Aside from the fact that he was your uncle, what pushed you to want to make the film?
I found myself going down a very straight-arrow path. I went to college and studied economics and started my career, and I sort of ran into a wall. I began questioning myself. Why am I doing this? I really wanted to do something creative, and I really wanted to take a risk. If you look at Mike’s story, we were really about the same age. I was 32, and Mike was 34 when he decided to build a boat and sail around the world. I was 32 when I had a steady job at an investment bank and I decided that I was going to take a sharp left turn and really do something that I believed in. I had no experience making films before this. I mean no experience at all.
It seems like you learned a lot from his story…
Not that Mike was always a good example to follow—he went to some dark corners—but when I decided to jump off the cliff of having a stable job, I carried Mike’s example in my pocket. Take a risk on something that really makes your heart jump.
Were you close with him?
He was a very guarded person. He wasn’t paying much attention to anything but his mission. I’m not trying to paint him as a bad person. He just had tunnel vision on the mission in front of him.
He fed off that. He didn’t have to rely on anyone. If he succeeded, it was because he succeeded, and if he failed, it was because he failed. I think that’s something he always fed off of. He was always kind of a lone wolf. From the time he was a young boy, all the way through.
And yet he seemed to have something magnetic about him, something that drew people in.
People definitely gravitated toward him because of the energy he had and the great big things he was setting out to do.
What do you think drew Mike to the open water?
At the end of the film when you see Mike just behind the wheel by himself, you recognize that’s the most calm you ever see him. Mike’s life in general was the coyote’s life. He was all about going solo. This was a sport that required that, but it also enabled that. He could get on that boat and nobody else could touch him. He could do it all alone. It also encompassed incredible danger, and I think Mike naturally gravitated toward that. There are people whether they are mountain climbers or extreme skiers or whatever that have a chip in their brain that really only receives satisfaction when they are pushing the envelope.
But pushing that envelope got him into some trouble…
When Mike was smuggling drugs from South America into the United States, as one of his friends says in the film, I don’t think he ever wanted to be a drug dealer; he liked the thrill of potentially getting caught. Many things he did in his life unknowingly prepared him for this sport.

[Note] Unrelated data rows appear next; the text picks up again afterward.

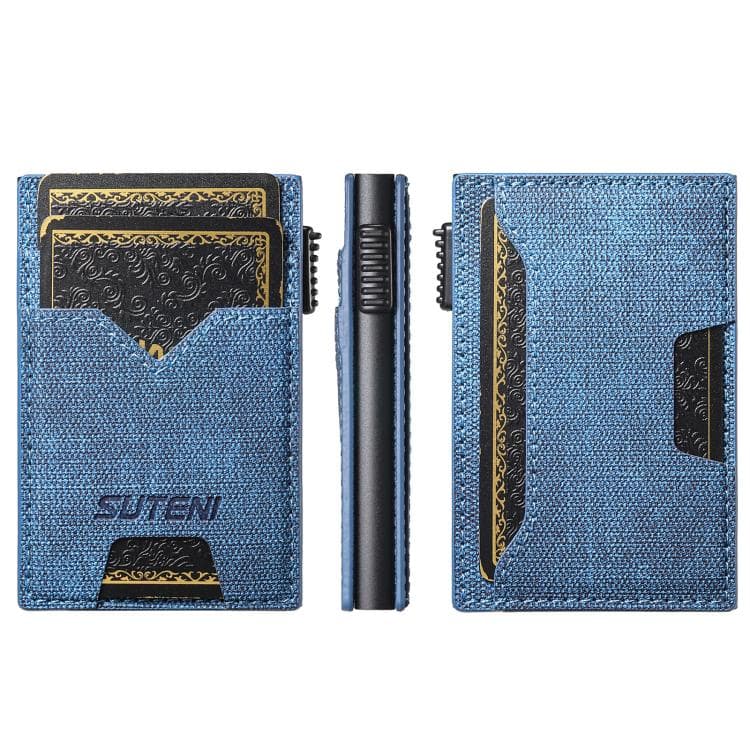 The Suteni denim double-sided card slot button automatically ejects the card box(Blue)
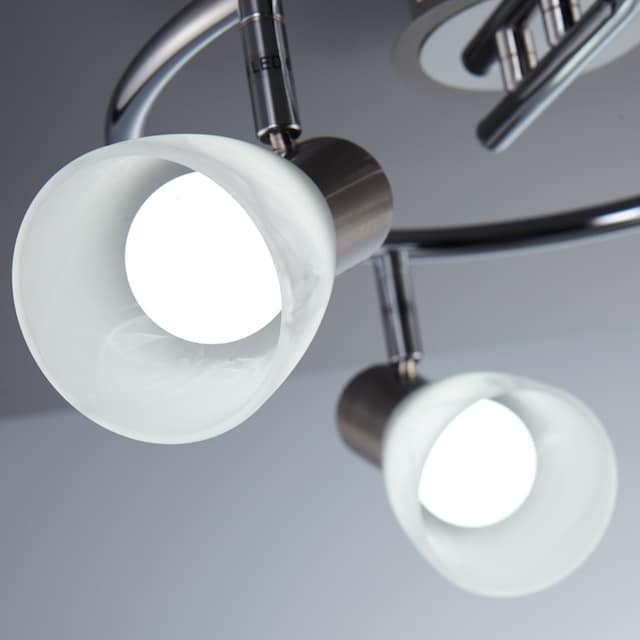 B.K.Licht LED Deckenspot »Lunas«, 3 flammig-flammig, LED Deckenleuchte, schwenkbare  Spots, Chrom, Glas-Lampenschirm, E14 online kaufen | mit 3 Jahren XXL  Garantie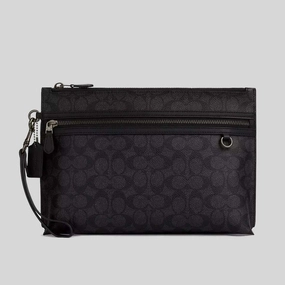 Hot Discount Deal Coach Carry All Pouch In Signature Canvas Charcoal/Black Cy985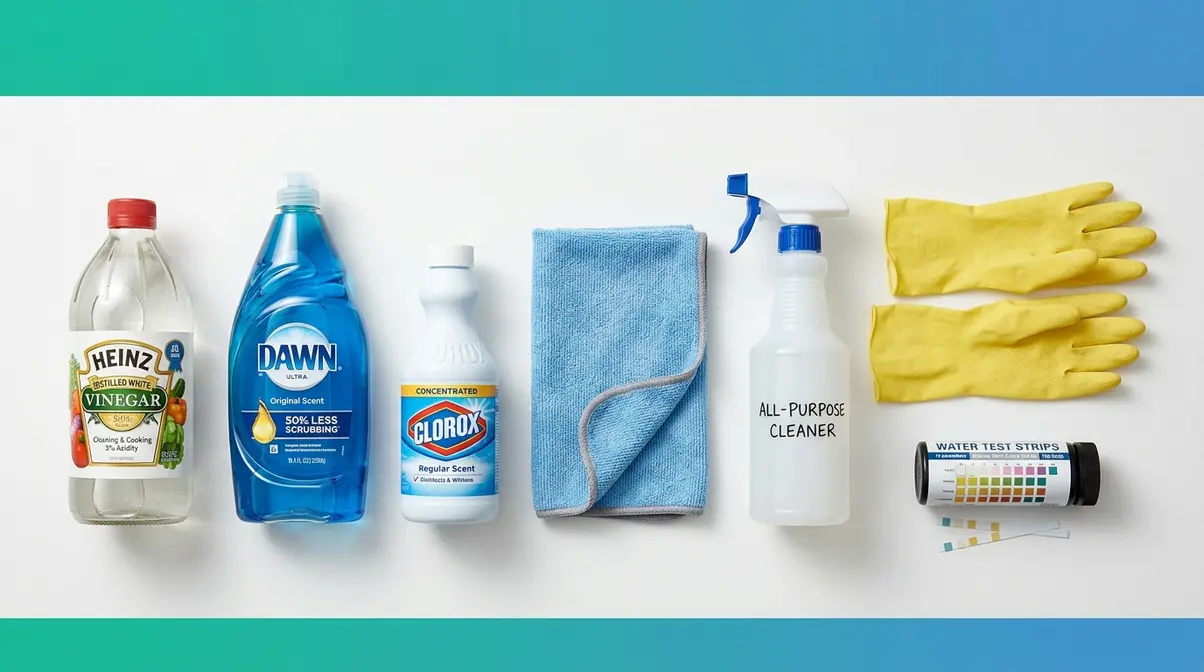 How to Remove Stains from Inflatable Hot Tub (2026) 1 Inflatable hot tub cleaning supplies including vinegar, Dawn soap, bleach, and microfiber cloth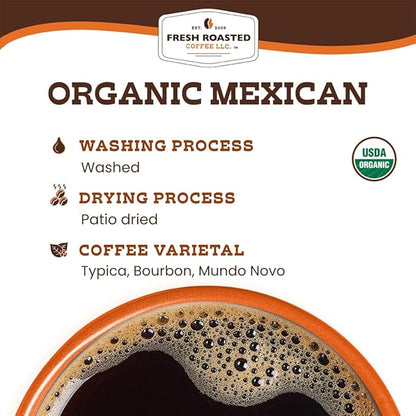 Fresh Roasted Coffee, Organic Mexican | Mold & Myco 3rd Party Tested, USDA Organic, Kosher | Medium Roast 2 lb (32 oz) Whole Bean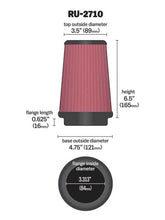 Load image into Gallery viewer, K&amp;N Engineering Universal Rubber Round Air Filter - 3.31 Inch Flange ID, 4.75 Inch Base OD, 3.5 Inch Top OD, 6.5 Inch Height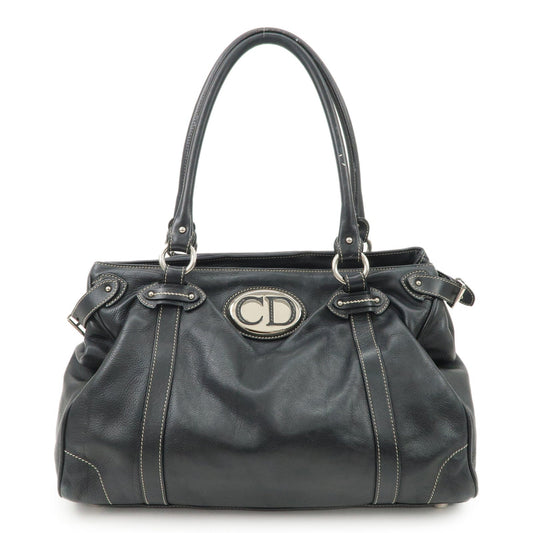 Christian Dior Leather Shoulder Bag Hand Bag Black Silver HDW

Whether it was hiking the length of South America by himself or navigating the dangers of going through the Athens airport with a fake passport. I think you can transfer that to why he’d want to engage in a sport, where you’re encountering pretty grave danger on a regular basis
The thing that was most impressive to me about his story was not just the physical demands of sailing solo around the world, but the mental endurance that would be required for literally months at a time. What impressed you most about his accomplishments?
That he walked into a sport that he had no real experience in, no single-handed ocean racing experience, but not only that, he built his boat with his own hands, then won his class in the first race he ever sailed. What Mike would say was the hardest part for him was not sailing around the world; the hardest part was raising the money.
If he were still alive, do you think he’d still be racing?
My opinion is that people who are wired like Mike Plant—the risk takers—don’t grow out of that. I think you just keep taking it further.
What do you think Mike’s legacy is to sailing?
I think his legacy was that he was an American pioneer. At the time of his death he was one of only five skippers that had completed three single-handed circumnavigations of the globe. And the only one who was an American.